As keen followers of the For the Love of Judy project will know (all 3 of you, ehem), on the 27th February I visited 4 Cadogan Lane, SW1: the London home and last address of Judy Garland. It was a pilgrimage of sorts, a kind of official start of this project (a project that’s been brewing for years, mind you) and something of a necessity. I needed to see this house for many reasons – personal, artistic, full-blown superfandom. In lieu of a Blue Plaque (that won’t be put there now that project has run out of funding), I left a Post-it that said ‘Judy Garland lived and died here’. The placing of the Post-it was a spontaneous act. I’d spent quite a bit of time at the house and was about to go. Leaving was quite difficult, actually. I felt it needed a marker but I guess, thinking about it now, I needed to make my mark. I’d been there and it was significant to me and significant for this project. I also wanted to let people know the significance of the house that looks so insignificant. That said, I didn’t expect that Post-it to last the day. I certainly didn’t expect it to last two months.

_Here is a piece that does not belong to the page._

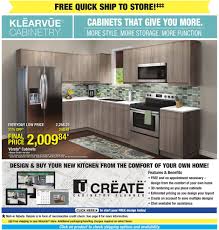 These shiny and robust kitchen fronts are made from strong and durable stainless steel that's easy to keep clean. Menards Current Weekly Ad 10 20 10 26 2019 8 Frequent Ads Com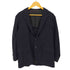 シップス SHIPS WINE LABEL MOON ENGLAMD ウール 段返り3B テーラード ジャケット メンズ JPN:48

On the 18th April, Stuart M contacted me through Twitter to say that he’d visited the house. He’d Googled it and told me that the first thing that came up was my article in Civilian. Thus he knew about the Post-it and thus when he visited and found it was still there he photographed it to show me. A gorgeous, ghostly photo. TOUCHED.
Then today, 25th April, I was alerted to a video by Paul Walsh of his visit to Cadogan Lane. I was so excited to see it and a little worried… what if it was gone now? What if… what if… and there it was! At the end of the minute long film: my little weathered, curling Post-it stuck to the number four. STUNNED.
In my experience, Post-its don’t last 57 minutes stuck to something indoors, let alone 57 days stuck outdoors.